EDIT 2: Fixed the repro! It now only measures contention during inference (just enqueue).

spolisetty · January 23, 2023, 4:27am

Hi,

We may need to confirm if this is a TensorRT problem and not a CUDA problem.
Do you observe the same problem with a purely CUDA program?

Also, looks like sharing the same ILogger across multiple threads causing the lock contention.
In the code, you are creating the IRuntime instance using the same global logger.

SampleUniquePtr<IRuntime> runtime{createInferRuntime(sample::gLogger.getTRTLogger())};

Could you please try using one logger per thread?

Thank you.

gerwin · January 23, 2023, 10:50am

Do you observe the same problem with a purely CUDA program?

Let me try and see if I can get a repro in CUDA. Do you have a suggestion for how to create an artificial load with CUDA?

Problem persists:

LAUNCH!
worker: 3 - mean infer runtime (microseconds): 830.155
worker: 8 - mean infer runtime (microseconds): 838.224
worker: 1 - mean infer runtime (microseconds): 1183.69
worker: 6 - mean infer runtime (microseconds): 1199.75
worker: 9 - mean infer runtime (microseconds): 1248.79
worker: 5 - mean infer runtime (microseconds): 1230.04
worker: 7 - mean infer runtime (microseconds): 1229
worker: 0 - mean infer runtime (microseconds): 1225.78
worker: 2 - mean infer runtime (microseconds): 1268.99
worker: 4 - mean infer runtime (microseconds): 1261.02
DONE

Profiler shows lots of pthread_mutex_lock again.

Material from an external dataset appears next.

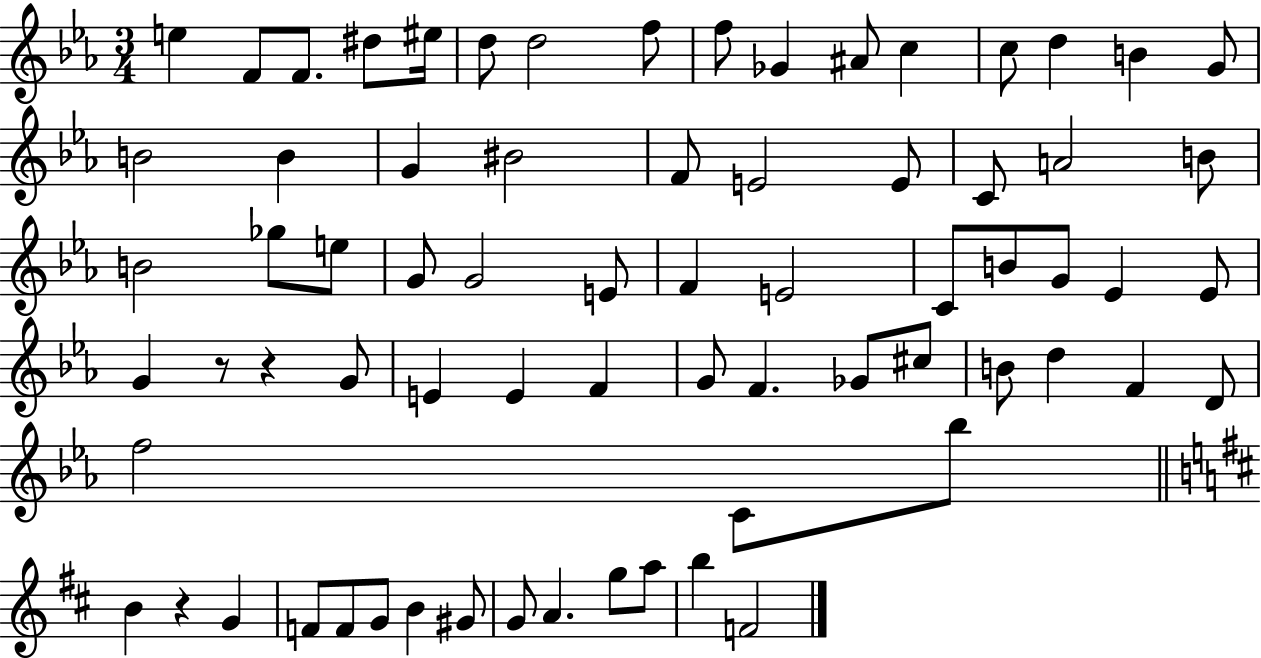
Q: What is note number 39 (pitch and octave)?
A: Eb4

During testing, I did notice that the issues doesn’t always manifest. After restarting the server, the issue was completely gone, then after a couple runs it came back. There seems to be some randomness to it and I don’t know where that comes from.

gerwin · January 23, 2023, 12:34pm

I modified the matrixMul sample in the CUDA samples. See code attached. Same problem exists for CUDA as well it seems.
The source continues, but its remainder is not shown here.